Pursuant to the Scheme of amalgamation sanctioned by the Hon'ble National Company Law Tribunal, Bench at Hyderabad vide its order dated 12th day of November, 2021 Grandeur Products Limited was merged with our Company Tierra Agrotech Limited. Two employee benefit plans, namely, Grandeur Employee Stock Option Scheme II, 2016 (GPLESOS II, 2016) and the Grandeur Employees Stock Purchase Scheme 2017" ("GPL-ESPS 2017") were formulated vide special Resolution passed by the Shareholders of Grandeur Products Limited dated 8th November, 2016 and at Extra Ordinary General Meeting held on 25th March, 2017 respectively , Upon the Merger of Grandeur Products Limited with Tierra Agrotech Limited, the aforesaid schemes are continued as Schemes of Tierra Agrotech Limited. Details regarding the above mentioned schemes along with their status as follows.
"Scheme 1: The company has instituted Grandeur Employees Stock Option Scheme II (GPLESOS II, 2016) of 7,50,000 stock options of Rs. 10/- each which is exercise price or any other price as decided by Compensation and Remuneration Committee of the Company, the options issued under this scheme are convertible into equity shares and the vesting period of options is one year not later than two years from the date of grant of options issued under this scheme issued to the eligible employees of the company (as decided by management) and the scheme was approved by the Shareholders through postal ballot dated 8th November, 2016."
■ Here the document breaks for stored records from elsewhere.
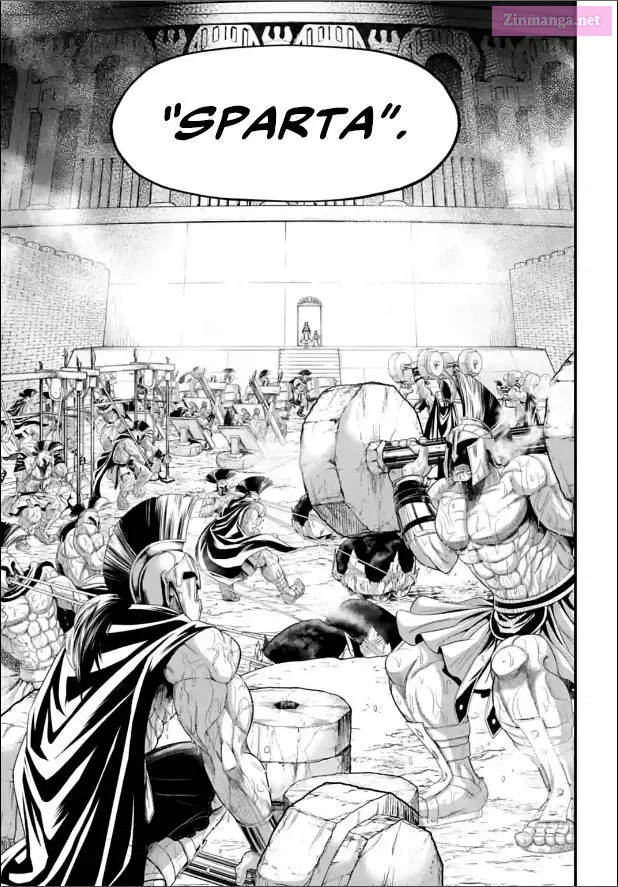 Shuumatsu no Valkyrie Zinmanga X Chapter 78 Page 19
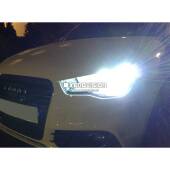 Kit Xenon Audi A1 (2010 - 2018) Anabbaglianti 6000k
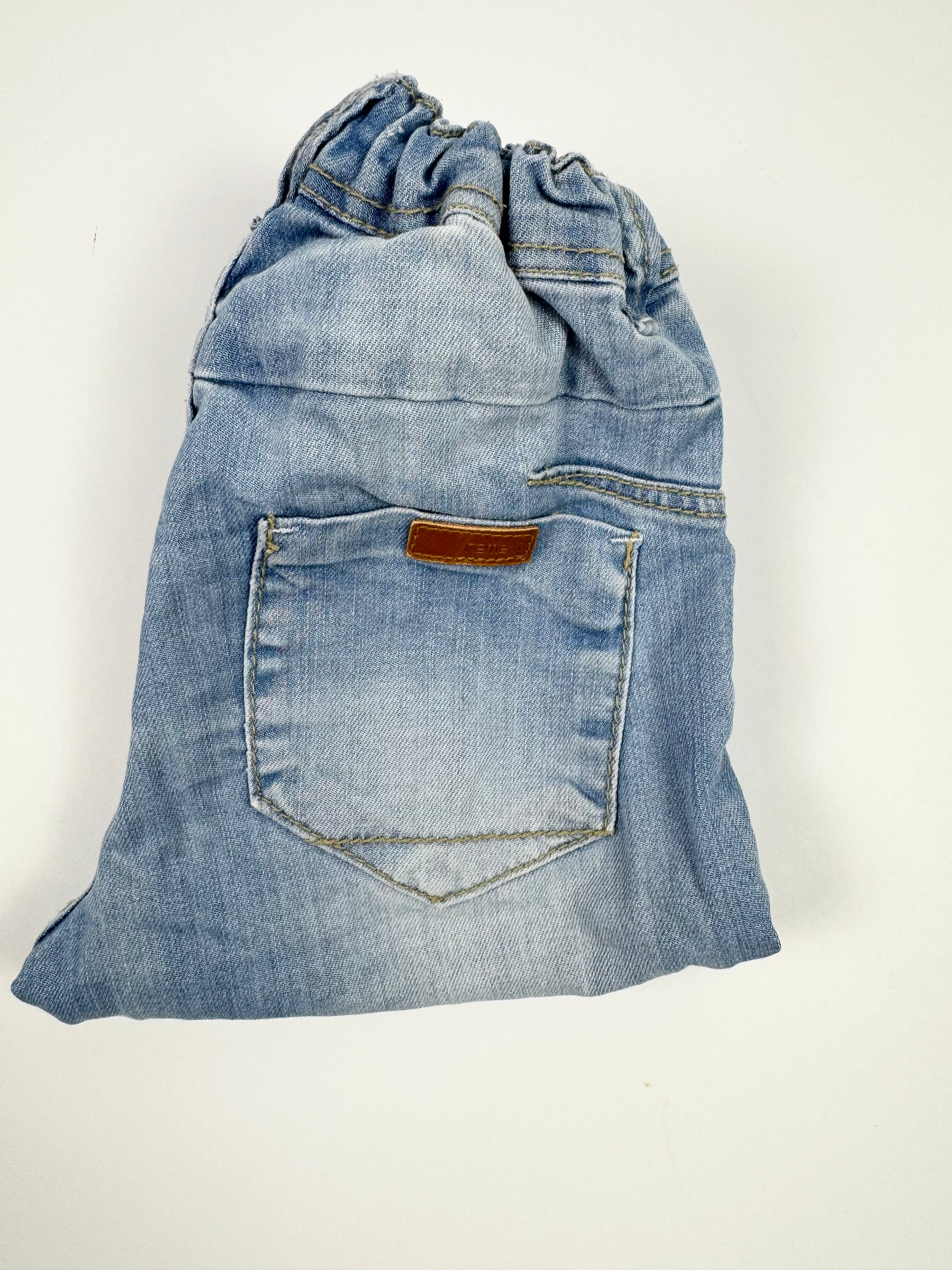 Pumpjeans von Name it Gr. 74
Scheme 2: The company also issued and granted 7,50,000 equity shares of Rs. 10/- each under the scheme namely Grandeur Employees Stock Purchase Scheme 2017 (GPL-ESPS, 2017) to Grandeur Products Limited Employees Welfare Trust (GPL Trust) and also the company provided a loan of amount Rs. 61,19,600/- for acquisition of above allotted shares to GPL Trust & this was approved by shareholders of the company at the Extra Ordinary General Meeting held on 25th March, 2017. The purchase price of the share issued/granted shares under this scheme to GPL Trust will be determined by the Board of Trustees of the GPL Trust in consultation with the board of directors of the company & Nomination and Remuneration Committee of the Company.